Combine the new transactions and your_transaction into a single numpy array called sample_transactions.

In [57]:
# Combine new transactions into a single array

sample_transactions = np.stack((transaction1, transaction2, transaction3, transaction4))


Since our Logistic Regression model was trained on scaled feature data, we must also scale the feature data we are making predictions on. Using the StandardScaler object created earlier, apply its .transform() method to sample_transactions and save the result to sample_transactions.

In [60]:
# Normalize the new transactions

sample_transactions = sclr.transform(sample_transactions)


Which transactions are fraudulent? Use your model’s .predict() method on sample_transactions and print the result to find out.

Want to see the probabilities that led to these predictions? Call your model’s .predict_proba() method on sample_transactions and print the result. The 1st column is the probability of a transaction not being fraudulent, and the 2nd column is the probability of a transaction being fraudulent (which was calculated by our model to make the final classification decision).

In [63]:
# Predict fraud on the new transactions
model.predict(sample_transactions)




array([0, 0, 0, 1], dtype=int64)

In [62]:
# Show probabilities on the new transactions
model.predict_proba(sample_transactions)

array([[0.61281199, 0.38718801],
       [0.99641474, 0.00358526],
       [0.9938802 , 0.0061198 ],
       [0.40031781, 0.59968219]])

Congratulations on completing the project!
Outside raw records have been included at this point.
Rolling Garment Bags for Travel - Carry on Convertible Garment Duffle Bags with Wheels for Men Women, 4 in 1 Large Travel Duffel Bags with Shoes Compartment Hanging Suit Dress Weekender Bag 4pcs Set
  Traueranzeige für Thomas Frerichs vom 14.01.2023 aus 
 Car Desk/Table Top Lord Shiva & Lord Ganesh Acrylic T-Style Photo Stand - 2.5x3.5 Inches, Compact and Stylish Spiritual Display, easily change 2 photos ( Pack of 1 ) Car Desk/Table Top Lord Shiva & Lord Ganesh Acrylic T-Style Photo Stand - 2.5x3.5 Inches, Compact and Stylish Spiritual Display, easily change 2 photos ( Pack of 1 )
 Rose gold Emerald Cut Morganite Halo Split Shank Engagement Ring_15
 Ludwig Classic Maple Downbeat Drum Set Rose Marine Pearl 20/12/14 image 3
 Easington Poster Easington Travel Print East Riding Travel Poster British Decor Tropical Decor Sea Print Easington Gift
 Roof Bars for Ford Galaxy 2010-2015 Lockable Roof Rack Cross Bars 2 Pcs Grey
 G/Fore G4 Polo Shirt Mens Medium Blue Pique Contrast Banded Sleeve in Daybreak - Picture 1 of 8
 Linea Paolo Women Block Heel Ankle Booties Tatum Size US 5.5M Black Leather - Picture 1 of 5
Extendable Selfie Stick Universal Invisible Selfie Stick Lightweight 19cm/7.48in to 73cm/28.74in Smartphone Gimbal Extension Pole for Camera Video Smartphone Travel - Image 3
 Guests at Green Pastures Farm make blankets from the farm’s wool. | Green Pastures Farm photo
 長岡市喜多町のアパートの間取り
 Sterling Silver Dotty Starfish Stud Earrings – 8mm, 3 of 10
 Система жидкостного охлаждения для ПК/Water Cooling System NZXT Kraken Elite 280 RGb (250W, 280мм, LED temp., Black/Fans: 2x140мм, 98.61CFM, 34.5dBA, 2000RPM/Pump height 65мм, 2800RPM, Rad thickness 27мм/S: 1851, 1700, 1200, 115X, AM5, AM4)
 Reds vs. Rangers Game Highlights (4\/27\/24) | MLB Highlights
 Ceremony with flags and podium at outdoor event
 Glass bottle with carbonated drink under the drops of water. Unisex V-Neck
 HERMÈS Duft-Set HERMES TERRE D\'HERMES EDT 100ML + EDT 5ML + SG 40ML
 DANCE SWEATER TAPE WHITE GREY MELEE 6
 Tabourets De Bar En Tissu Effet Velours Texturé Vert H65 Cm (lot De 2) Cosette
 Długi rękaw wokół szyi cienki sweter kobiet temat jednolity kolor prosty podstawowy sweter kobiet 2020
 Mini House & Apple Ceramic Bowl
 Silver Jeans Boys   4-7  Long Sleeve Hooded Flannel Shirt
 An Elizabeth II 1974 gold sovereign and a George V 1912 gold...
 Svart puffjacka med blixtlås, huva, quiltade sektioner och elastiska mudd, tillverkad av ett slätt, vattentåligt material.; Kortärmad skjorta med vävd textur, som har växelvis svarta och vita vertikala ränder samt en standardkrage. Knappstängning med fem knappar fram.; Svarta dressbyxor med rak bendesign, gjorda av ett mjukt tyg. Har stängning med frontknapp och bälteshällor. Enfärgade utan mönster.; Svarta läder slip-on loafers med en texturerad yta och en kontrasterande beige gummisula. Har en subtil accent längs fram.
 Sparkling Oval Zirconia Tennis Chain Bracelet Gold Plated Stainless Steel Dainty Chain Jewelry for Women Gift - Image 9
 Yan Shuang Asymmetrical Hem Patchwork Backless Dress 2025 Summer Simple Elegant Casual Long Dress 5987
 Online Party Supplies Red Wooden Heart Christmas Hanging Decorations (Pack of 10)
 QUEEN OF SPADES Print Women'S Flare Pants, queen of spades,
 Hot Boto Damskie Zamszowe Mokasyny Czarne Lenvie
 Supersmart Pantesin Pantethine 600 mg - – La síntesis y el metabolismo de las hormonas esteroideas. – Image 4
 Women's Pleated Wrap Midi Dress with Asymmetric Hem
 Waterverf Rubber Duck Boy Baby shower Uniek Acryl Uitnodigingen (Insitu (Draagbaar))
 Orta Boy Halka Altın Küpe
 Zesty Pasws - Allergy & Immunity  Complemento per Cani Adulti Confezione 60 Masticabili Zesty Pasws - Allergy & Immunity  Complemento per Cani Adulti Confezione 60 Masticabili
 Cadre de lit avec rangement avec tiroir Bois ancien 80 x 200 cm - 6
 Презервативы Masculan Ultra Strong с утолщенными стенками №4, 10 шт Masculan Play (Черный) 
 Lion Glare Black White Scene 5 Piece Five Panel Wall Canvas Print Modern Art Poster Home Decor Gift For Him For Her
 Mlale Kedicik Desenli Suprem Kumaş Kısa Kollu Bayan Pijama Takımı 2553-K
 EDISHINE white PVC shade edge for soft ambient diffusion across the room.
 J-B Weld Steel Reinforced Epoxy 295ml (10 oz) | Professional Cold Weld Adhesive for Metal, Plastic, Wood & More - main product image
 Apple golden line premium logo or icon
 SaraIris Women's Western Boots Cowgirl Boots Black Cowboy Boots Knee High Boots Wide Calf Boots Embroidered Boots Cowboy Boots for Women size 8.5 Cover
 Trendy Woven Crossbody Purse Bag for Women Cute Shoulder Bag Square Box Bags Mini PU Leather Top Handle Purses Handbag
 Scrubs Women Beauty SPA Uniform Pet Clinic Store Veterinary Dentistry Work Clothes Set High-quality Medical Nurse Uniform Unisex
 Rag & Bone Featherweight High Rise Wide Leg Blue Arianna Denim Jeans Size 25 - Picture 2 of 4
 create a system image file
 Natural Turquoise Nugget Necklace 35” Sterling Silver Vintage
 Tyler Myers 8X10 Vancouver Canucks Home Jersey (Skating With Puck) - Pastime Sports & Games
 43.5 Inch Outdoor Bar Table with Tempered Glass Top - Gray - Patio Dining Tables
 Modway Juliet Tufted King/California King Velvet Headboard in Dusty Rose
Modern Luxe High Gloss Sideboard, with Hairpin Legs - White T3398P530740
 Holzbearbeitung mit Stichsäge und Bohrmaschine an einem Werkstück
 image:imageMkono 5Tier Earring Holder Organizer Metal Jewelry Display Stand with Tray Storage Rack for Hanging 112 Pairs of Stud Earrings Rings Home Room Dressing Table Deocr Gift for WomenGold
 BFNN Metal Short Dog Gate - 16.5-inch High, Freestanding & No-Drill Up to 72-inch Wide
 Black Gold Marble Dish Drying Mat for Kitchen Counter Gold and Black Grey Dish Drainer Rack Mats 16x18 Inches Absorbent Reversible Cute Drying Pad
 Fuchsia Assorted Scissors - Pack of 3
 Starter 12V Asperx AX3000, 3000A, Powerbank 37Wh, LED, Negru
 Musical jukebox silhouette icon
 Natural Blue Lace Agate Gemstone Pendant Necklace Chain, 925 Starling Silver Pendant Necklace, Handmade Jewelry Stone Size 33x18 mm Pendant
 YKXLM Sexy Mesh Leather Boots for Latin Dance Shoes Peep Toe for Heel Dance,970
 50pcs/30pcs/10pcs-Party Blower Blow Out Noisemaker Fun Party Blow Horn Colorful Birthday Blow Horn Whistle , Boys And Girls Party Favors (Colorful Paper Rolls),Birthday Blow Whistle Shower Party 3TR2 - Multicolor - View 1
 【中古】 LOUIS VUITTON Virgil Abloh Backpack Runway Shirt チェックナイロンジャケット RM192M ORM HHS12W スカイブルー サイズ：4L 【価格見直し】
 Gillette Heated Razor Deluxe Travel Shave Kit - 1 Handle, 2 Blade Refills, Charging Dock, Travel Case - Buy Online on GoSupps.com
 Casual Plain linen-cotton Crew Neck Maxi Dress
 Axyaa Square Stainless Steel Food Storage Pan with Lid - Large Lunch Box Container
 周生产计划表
Note that we’d used a modified version of the dataset. You can now try to re-run the project using the original dataset, transactions.csv. Examine how the results change. If you notice something weird, you’re totally on to something! That “something” is what is known as an imbalanced class classification problem.

We will cover this very relevant topic (among many other things) in the Logistic Regression II module!